The University of Notre Dame and the South Bend, Ind., Board of Parks have reached an agreement on a 50-year lease that will enable the university to construct and operate a hydroelectric generation facility on the dam in the St. Joseph River in downtown South Bend.

Construction of the hydro facility, which will be primarily underground, will begin in October. It is expected to be fully operational in early 2019. The university will run transmission lines from the dam to campus to generate about 7 percent of its electrical needs.

Some of the sustainability goals at the University of Notre Dame

The university says the hydro facility is one facet of a campus sustainability plan that is designed to eliminate the use of coal in Notre Dame's power plant by 2020 and cut its carbon footprint by more than half by 2030.

The agreement with the city parks board gives Notre Dame a Federal Energy Regulatory Commission exemption to operate a hydro power facility. The city of South Bend received the exemption in 1984, but has been unable to act upon it because of financial constraints.

In conjunction with the lease, the park’s board also approved a separate agreement in which Notre Dame will pay the city $1 million to restore Seitz Park, which is adjacent to the dam, as well as for ongoing maintenance of the dam through the duration of the lease.

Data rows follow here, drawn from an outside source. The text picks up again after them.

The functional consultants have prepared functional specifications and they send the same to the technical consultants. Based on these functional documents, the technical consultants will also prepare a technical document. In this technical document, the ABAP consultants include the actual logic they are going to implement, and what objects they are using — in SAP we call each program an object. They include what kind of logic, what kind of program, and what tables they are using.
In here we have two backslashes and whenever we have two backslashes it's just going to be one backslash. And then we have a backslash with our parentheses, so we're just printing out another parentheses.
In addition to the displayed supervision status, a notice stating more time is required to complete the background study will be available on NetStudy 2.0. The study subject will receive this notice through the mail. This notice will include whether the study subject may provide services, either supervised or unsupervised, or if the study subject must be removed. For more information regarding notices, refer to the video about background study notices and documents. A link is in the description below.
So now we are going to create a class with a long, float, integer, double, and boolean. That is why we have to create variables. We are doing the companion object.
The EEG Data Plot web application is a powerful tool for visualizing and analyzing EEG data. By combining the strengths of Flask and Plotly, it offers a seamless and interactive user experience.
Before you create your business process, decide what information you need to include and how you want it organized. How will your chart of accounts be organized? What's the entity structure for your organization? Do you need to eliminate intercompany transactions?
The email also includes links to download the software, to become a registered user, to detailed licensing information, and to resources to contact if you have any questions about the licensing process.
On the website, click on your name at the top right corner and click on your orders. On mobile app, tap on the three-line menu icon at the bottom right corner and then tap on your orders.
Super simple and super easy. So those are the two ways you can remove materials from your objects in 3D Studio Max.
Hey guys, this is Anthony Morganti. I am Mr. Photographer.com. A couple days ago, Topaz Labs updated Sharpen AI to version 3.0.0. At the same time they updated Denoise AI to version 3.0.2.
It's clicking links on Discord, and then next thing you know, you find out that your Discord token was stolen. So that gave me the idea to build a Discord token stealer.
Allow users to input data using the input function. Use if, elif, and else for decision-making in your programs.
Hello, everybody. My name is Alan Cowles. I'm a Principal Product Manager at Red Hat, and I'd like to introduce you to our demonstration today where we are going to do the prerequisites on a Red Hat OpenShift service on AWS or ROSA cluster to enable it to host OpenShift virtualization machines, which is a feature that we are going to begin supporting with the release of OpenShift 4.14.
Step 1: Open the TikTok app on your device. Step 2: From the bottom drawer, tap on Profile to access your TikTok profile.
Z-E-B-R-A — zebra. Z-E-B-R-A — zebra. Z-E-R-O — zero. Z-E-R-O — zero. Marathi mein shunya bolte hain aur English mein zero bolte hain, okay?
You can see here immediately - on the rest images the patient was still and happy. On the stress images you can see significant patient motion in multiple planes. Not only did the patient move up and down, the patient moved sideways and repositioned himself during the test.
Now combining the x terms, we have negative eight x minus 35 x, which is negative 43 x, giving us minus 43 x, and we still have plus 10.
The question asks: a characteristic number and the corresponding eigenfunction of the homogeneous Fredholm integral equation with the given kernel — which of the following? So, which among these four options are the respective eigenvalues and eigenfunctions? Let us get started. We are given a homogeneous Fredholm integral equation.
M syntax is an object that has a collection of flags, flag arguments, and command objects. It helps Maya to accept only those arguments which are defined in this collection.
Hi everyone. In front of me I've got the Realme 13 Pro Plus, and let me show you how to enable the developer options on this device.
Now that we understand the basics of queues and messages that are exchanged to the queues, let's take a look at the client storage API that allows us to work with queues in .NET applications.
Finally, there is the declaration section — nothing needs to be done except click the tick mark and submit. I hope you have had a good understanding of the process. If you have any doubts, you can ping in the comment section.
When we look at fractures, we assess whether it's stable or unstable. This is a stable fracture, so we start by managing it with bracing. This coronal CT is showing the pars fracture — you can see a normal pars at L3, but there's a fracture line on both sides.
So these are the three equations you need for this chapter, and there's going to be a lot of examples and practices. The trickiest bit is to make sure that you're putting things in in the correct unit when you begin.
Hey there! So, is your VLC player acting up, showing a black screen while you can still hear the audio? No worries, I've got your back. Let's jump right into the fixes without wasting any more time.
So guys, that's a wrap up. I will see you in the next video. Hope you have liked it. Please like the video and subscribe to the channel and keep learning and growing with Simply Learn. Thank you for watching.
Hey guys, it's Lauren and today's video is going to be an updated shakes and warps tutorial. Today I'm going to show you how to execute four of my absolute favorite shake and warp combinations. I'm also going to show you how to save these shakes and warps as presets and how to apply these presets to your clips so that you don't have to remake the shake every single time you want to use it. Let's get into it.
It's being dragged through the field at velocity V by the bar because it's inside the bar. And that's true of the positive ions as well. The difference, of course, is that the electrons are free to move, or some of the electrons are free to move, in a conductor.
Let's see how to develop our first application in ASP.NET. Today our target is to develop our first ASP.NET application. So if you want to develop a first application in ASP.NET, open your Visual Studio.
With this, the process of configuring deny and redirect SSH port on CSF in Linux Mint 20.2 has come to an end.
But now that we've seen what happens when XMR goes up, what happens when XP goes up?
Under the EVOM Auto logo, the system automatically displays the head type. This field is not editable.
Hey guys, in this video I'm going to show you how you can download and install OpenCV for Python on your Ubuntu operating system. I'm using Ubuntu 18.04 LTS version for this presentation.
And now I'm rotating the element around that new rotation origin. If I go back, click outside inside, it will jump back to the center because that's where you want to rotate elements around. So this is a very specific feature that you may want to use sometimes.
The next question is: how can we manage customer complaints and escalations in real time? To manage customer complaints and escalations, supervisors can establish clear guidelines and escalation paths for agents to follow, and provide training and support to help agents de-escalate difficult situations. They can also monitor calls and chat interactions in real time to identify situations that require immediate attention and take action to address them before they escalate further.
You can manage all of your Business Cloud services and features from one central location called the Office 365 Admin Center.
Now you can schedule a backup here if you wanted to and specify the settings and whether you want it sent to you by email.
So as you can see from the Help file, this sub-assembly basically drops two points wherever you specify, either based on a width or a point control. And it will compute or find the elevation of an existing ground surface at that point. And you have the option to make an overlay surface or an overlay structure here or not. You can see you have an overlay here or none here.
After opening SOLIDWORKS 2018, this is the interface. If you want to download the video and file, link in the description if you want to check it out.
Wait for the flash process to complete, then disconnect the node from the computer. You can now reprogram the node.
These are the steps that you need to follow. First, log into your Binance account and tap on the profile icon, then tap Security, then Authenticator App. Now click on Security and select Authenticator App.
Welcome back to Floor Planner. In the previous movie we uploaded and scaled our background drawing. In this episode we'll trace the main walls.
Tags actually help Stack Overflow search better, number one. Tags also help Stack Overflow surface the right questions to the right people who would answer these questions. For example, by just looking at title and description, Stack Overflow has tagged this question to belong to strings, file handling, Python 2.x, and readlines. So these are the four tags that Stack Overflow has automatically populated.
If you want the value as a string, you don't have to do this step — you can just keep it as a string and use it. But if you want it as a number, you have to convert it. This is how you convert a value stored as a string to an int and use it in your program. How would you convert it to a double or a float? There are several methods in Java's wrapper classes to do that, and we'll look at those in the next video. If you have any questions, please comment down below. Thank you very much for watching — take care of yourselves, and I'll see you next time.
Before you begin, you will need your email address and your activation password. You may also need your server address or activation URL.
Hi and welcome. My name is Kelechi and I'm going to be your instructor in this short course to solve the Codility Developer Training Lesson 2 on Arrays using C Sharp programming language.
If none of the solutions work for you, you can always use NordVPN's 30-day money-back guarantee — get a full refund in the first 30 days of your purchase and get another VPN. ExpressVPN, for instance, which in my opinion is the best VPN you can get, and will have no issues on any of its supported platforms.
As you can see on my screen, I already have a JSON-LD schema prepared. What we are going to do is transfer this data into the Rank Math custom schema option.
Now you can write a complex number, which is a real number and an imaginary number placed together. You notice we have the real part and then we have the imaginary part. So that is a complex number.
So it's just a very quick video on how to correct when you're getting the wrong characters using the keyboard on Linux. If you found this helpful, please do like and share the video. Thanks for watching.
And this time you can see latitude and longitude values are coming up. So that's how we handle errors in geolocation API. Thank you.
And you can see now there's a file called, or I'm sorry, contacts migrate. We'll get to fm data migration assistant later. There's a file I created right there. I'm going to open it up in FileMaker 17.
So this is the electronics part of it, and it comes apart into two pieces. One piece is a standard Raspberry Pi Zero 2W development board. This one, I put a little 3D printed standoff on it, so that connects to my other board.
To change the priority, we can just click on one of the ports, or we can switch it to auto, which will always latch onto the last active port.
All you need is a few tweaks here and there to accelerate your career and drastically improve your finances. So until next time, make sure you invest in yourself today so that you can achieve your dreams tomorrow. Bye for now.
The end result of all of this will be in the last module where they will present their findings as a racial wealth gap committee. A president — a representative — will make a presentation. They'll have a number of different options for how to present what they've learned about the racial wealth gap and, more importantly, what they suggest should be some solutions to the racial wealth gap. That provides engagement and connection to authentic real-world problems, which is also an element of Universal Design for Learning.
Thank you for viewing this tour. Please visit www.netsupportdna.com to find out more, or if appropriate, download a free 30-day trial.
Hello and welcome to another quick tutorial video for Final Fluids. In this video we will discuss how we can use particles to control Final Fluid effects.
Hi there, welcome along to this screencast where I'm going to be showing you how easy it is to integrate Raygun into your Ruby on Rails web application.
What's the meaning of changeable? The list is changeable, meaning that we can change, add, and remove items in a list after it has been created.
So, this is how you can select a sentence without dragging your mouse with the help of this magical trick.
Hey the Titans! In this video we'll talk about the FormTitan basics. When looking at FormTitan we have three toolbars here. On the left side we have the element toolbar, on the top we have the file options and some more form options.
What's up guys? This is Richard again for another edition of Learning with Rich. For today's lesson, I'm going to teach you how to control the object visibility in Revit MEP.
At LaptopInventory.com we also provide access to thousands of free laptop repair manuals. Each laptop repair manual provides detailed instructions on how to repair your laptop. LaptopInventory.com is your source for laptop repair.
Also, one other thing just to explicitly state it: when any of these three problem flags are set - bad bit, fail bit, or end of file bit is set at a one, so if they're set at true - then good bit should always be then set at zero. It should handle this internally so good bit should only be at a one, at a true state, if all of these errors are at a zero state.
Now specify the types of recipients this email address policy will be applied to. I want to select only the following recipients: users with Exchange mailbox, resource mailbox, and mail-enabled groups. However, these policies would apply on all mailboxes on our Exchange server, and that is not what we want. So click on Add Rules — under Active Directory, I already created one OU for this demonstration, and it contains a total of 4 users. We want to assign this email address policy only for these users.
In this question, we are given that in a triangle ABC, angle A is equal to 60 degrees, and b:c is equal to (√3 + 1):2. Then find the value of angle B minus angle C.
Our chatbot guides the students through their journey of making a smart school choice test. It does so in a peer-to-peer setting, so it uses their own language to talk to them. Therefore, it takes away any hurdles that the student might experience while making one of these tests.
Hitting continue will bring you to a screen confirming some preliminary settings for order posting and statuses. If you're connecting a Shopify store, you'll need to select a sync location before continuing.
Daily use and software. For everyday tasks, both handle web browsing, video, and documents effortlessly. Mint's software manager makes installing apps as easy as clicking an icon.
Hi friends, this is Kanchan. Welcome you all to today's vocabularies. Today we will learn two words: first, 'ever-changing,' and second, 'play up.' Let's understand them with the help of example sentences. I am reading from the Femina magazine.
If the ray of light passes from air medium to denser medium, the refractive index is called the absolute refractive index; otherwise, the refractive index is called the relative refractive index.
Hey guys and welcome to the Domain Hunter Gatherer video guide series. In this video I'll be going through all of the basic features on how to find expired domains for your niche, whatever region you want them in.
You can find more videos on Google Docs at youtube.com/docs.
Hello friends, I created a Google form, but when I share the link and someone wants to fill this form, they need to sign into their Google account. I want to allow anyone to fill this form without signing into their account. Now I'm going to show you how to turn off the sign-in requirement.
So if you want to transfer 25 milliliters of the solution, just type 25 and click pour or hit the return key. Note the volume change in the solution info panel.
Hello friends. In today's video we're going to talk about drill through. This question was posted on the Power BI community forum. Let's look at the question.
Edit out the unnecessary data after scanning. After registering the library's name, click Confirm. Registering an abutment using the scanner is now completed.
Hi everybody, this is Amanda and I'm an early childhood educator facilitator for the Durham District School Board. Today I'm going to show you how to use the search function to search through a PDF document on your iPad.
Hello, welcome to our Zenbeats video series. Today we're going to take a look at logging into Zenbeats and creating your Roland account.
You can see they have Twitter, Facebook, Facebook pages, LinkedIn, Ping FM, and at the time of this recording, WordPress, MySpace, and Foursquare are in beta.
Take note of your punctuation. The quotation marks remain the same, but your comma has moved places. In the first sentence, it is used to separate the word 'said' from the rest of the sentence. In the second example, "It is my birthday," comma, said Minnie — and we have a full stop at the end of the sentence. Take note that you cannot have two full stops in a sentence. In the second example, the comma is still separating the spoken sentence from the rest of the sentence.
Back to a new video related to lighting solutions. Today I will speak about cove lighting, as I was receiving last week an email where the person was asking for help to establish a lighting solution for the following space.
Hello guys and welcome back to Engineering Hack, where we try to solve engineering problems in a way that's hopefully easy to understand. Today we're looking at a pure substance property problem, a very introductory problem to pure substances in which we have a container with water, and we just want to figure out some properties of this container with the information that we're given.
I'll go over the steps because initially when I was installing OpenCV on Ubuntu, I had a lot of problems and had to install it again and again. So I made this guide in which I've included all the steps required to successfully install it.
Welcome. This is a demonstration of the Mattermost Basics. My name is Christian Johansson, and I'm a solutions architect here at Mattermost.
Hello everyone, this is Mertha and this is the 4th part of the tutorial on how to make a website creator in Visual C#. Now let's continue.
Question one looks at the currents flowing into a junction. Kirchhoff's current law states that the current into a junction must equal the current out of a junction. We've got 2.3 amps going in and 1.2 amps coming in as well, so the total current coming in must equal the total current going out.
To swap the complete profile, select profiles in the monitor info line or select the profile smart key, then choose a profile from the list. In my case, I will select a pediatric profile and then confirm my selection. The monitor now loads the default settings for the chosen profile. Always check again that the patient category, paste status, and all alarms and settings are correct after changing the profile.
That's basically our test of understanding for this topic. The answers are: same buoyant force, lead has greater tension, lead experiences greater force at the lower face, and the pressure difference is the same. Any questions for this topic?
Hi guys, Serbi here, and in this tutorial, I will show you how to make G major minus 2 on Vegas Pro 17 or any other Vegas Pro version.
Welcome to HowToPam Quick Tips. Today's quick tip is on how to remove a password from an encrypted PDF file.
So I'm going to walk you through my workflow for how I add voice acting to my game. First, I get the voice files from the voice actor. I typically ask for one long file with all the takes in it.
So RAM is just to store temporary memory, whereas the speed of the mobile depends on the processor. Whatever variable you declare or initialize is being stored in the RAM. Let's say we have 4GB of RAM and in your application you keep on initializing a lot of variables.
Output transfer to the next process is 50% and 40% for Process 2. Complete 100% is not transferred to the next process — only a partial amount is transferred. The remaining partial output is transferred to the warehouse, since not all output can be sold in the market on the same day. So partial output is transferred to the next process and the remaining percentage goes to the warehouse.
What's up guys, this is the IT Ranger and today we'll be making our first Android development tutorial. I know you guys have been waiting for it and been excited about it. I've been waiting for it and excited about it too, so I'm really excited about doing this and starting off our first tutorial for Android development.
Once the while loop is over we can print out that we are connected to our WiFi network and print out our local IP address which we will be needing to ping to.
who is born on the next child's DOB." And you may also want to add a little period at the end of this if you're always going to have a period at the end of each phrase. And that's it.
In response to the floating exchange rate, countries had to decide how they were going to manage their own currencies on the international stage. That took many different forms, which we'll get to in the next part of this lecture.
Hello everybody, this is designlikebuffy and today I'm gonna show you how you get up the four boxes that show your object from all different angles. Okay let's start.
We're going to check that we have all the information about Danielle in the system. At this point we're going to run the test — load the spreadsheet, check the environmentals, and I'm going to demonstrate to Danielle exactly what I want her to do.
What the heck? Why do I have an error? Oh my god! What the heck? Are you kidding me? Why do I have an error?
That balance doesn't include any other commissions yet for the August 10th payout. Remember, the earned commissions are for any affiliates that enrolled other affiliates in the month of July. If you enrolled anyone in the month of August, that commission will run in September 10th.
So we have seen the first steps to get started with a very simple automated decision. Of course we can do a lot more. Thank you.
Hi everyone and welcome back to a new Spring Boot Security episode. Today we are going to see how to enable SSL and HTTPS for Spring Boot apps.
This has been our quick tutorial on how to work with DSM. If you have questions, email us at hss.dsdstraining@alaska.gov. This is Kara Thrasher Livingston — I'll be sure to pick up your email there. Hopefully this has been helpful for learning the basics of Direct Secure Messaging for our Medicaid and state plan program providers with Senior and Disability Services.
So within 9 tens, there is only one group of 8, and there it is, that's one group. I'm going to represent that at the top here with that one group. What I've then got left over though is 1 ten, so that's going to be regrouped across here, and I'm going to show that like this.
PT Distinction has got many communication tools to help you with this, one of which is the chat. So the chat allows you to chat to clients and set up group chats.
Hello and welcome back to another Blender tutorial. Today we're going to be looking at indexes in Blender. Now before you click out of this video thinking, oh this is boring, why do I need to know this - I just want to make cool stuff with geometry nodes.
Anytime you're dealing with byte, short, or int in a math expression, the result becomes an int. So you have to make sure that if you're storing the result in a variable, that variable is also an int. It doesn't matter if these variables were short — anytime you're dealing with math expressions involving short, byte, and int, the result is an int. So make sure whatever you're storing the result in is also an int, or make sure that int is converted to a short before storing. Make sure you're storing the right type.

“This is the latest of several recent and mutually productive partnerships between Notre Dame and the city,” says Rev. John I. Jenkins, the university’s president. “We appreciate the park board working with us as we continue implementing our broader sustainability plan.”

Other components in Notre Dame's efforts to reduce its carbon footprint include:

  • Gas turbine technology — The university will install combined cycle combustion gas turbines to produce both electricity and steam. These units will displace older power plant boilers with newer, higher efficiency and lower emissions sources of energy.
  • Geothermal applications — Geothermal systems are being constructed at many sites across campus to support both new and existing campus buildings.
  • Solar energy — Locations on and off campus are potential sites for photovoltaic and thermal solar systems.
  • Heat recovery — Numerous projects are underway or in the planning phases to recover and regenerate energy from existing energy sources, such as the power plant’s condenser water.